** Opening Dataset records block **

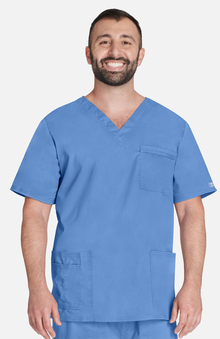 MED: Cherokee WorkWear Stretch Unisex V-Neck Solid Scrub Top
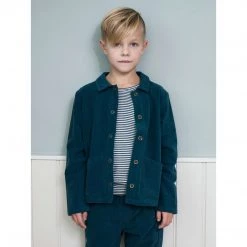 Serendipity Organics Organic Cotton Child Long Tee - Atlantic/Off White Stripe Tops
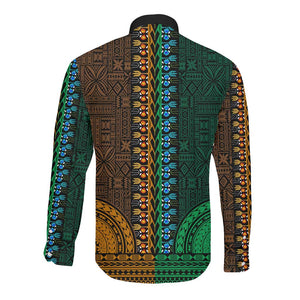 Green-gold Dashiki and Tapa Pattern Long Sleeve Button Shirt Africa-Polynesia Together Culture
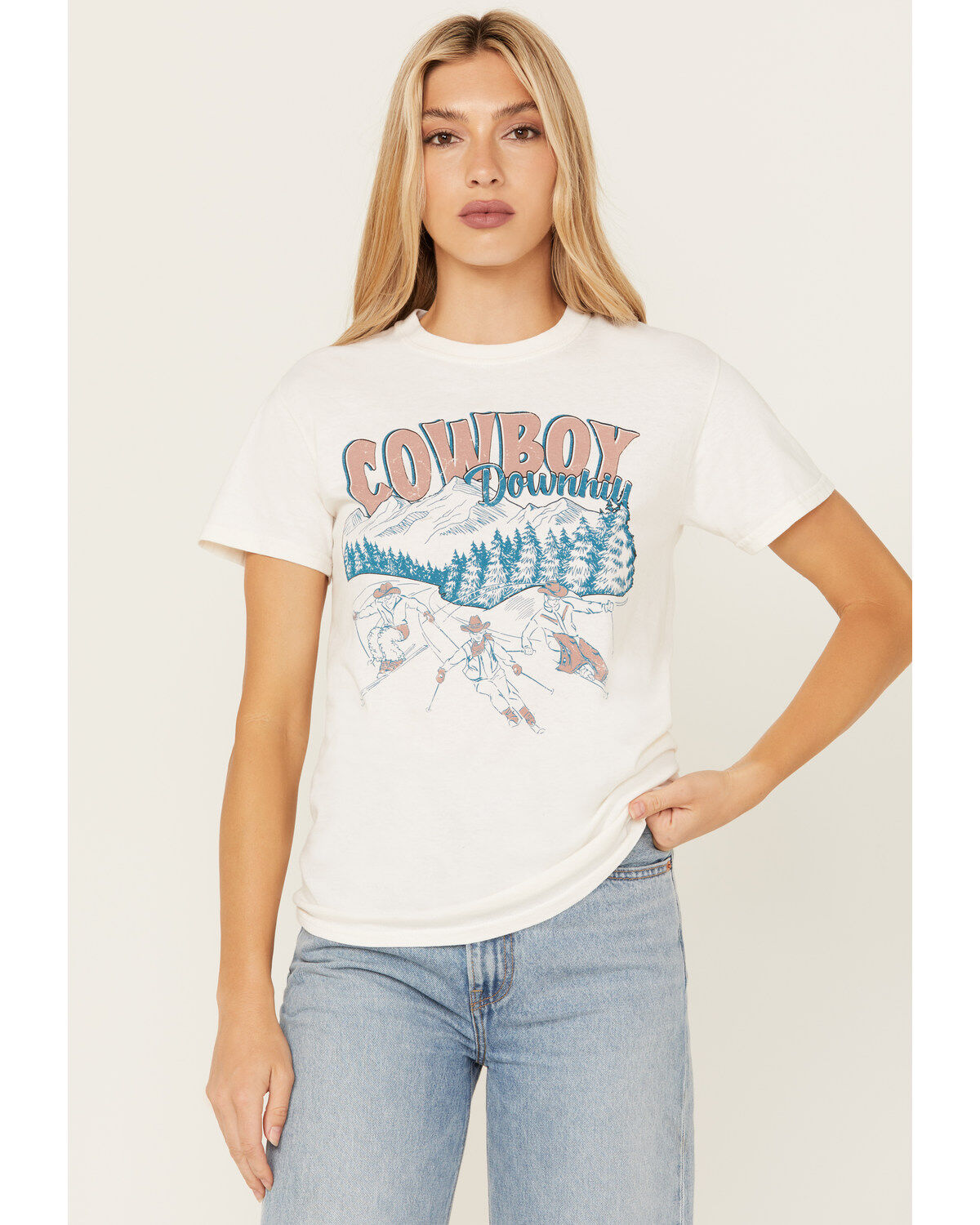 Youth in Revolt Women's Cowboy Downhill Short Sleeve Graphic Tee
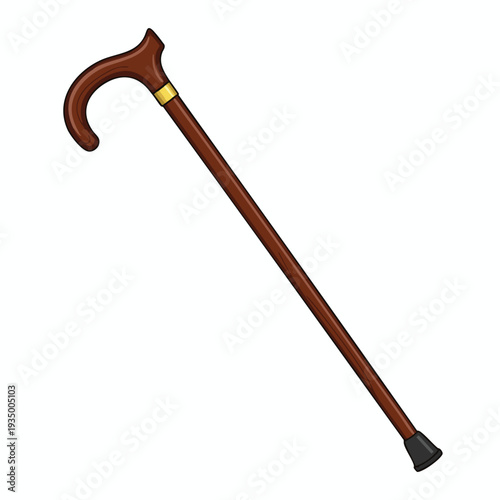 Elegant Wooden Walking Cane for Support and Style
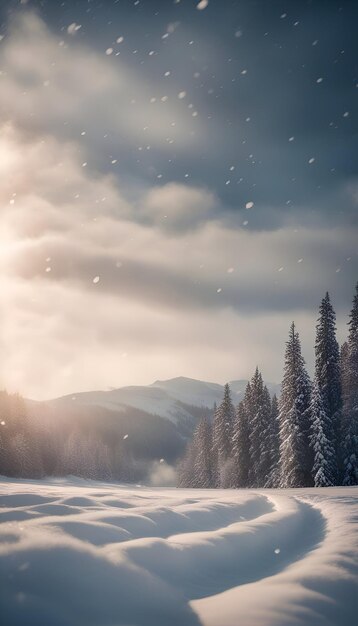 Hermoso paisaje invernal con abetos nevados y montañas al fondo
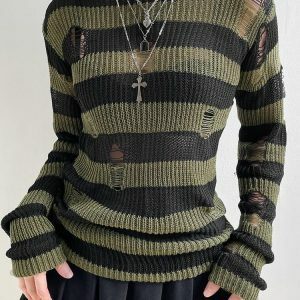 Y2K Fashion Distressed Striped Sweater - Coquette & Grunge Aesthetic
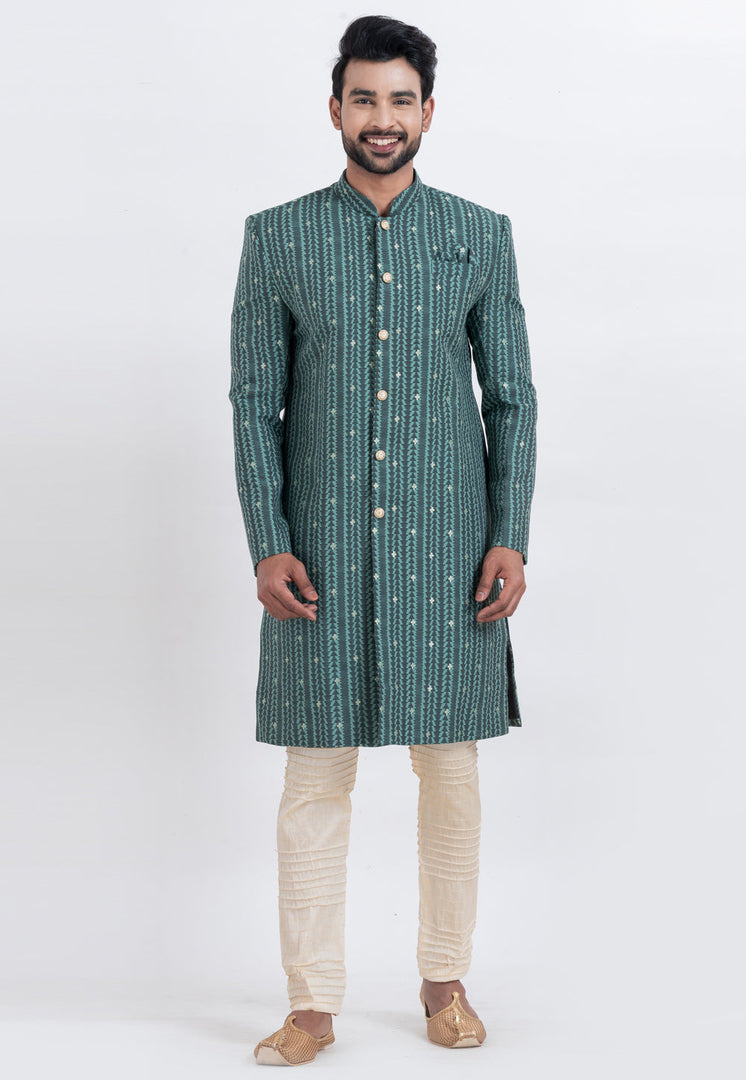 Green Cotton Silk Indo Western Suit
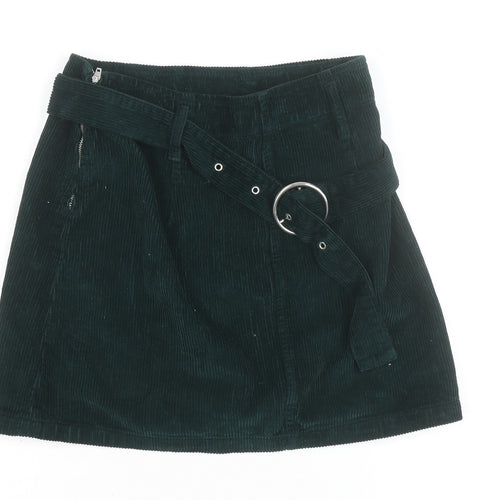 Denim Co. Women's Green Corduroy A-Line Short Skirt Size 10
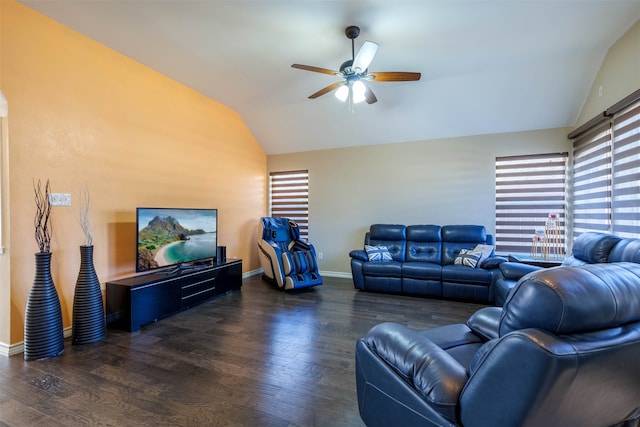 living room with dark wood-type flooring, lofted ceiling, and ceiling fan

** Closing Dataset records block **

(Task) Your answer must contain the full data, repeated exactly, without pictures.

(Answer to this problem)
 MED: Cherokee WorkWear Stretch Unisex V-Neck Solid Scrub Top
 Serendipity Organics Organic Cotton Child Long Tee - Atlantic/Off White Stripe Tops
 Green-gold Dashiki and Tapa Pattern Long Sleeve Button Shirt Africa-Polynesia Together Culture
 Youth in Revolt Women's Cowboy Downhill Short Sleeve Graphic Tee
 Elegant Wooden Walking Cane for Support and Style
 Hermoso paisaje invernal con abetos nevados y montañas al fondo
 Y2K Fashion Distressed Striped Sweater - Coquette & Grunge Aesthetic
 Green Cotton Silk Indo Western Suit
 Denim Co. Women's Green Corduroy A-Line Short Skirt Size 10
 living room with dark wood-type flooring, lofted ceiling, and ceiling fan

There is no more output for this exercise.